For information about:
- How to train using mixed precision, refer to the Mixed Precision Training paper and Training With Mixed Precision documentation.
- Techniques used for mixed precision training, refer to the Mixed-Precision Training of Deep Neural Networks blog.
- How to access and enable AMP for TensorFlow, refer to Using TF-AMP from the TensorFlow User Guide.
Enabling mixed precision
Mixed precision is enabled in TensorFlow by using the Automatic Mixed Precision (TF-AMP) extension which casts variables to half-precision upon retrieval, while storing variables in single-precision format. Furthermore, to preserve small gradient magnitudes in backpropagation, a loss scaling step must be included when applying gradients. In TensorFlow, loss scaling can be applied statically by using simple multiplication of loss by a constant value or automatically, by TF-AMP. Automatic mixed precision makes all the adjustments internally in TensorFlow, providing two benefits over manual operations. First, programmers need not modify network model code, reducing development and maintenance effort. Second, using AMP maintains forward and backward compatibility with all the APIs for defining and running TensorFlow models.

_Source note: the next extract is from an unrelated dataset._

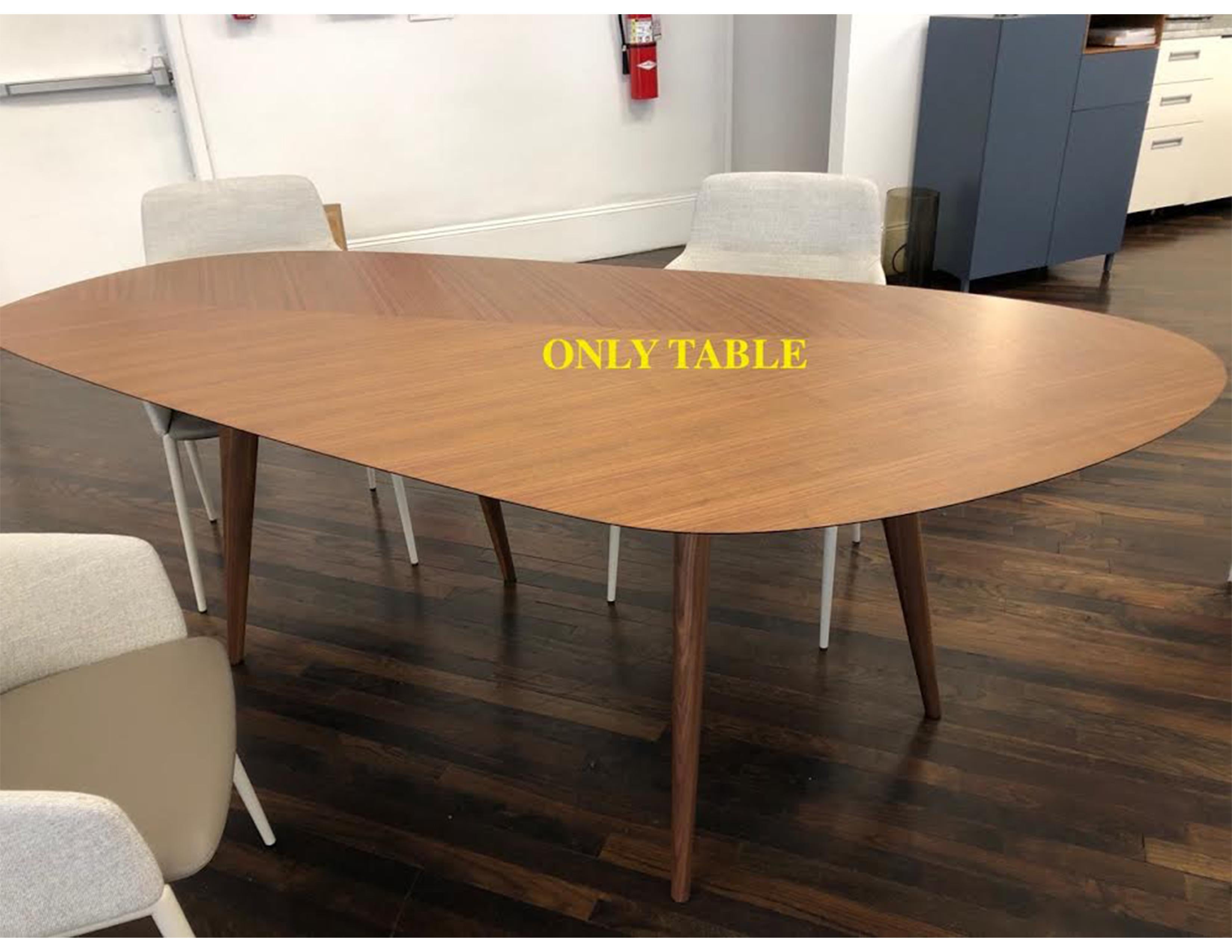 Zanotta Walnut Tweed Table by Garcia Cumini In Excellent Condition In New York, NY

To enable mixed precision, you can simply add the
--use_amp to the command-line used to run the model. This will enable the following code:
policy = tf.keras.mixed_precision.experimental.Policy('mixed_float16', loss_scale='dynamic')
TensorFloat-32 (TF32) is the new math mode in NVIDIA A100 GPUs for handling the matrix math also called tensor operations. TF32 running on Tensor Cores in A100 GPUs can provide up to 10x speedups compared to single-precision floating-point math (FP32) on NVIDIA Volta GPUs.
TF32 Tensor Cores can speed up networks using FP32, typically with no loss of accuracy. It is more robust than FP16 for models which require a high dynamic range for weights or activations.
For more information, refer to the TensorFloat-32 in the A100 GPU Accelerates AI Training, HPC up to 20x blog post.
TF32 is supported in the NVIDIA Ampere GPU architecture and is enabled by default.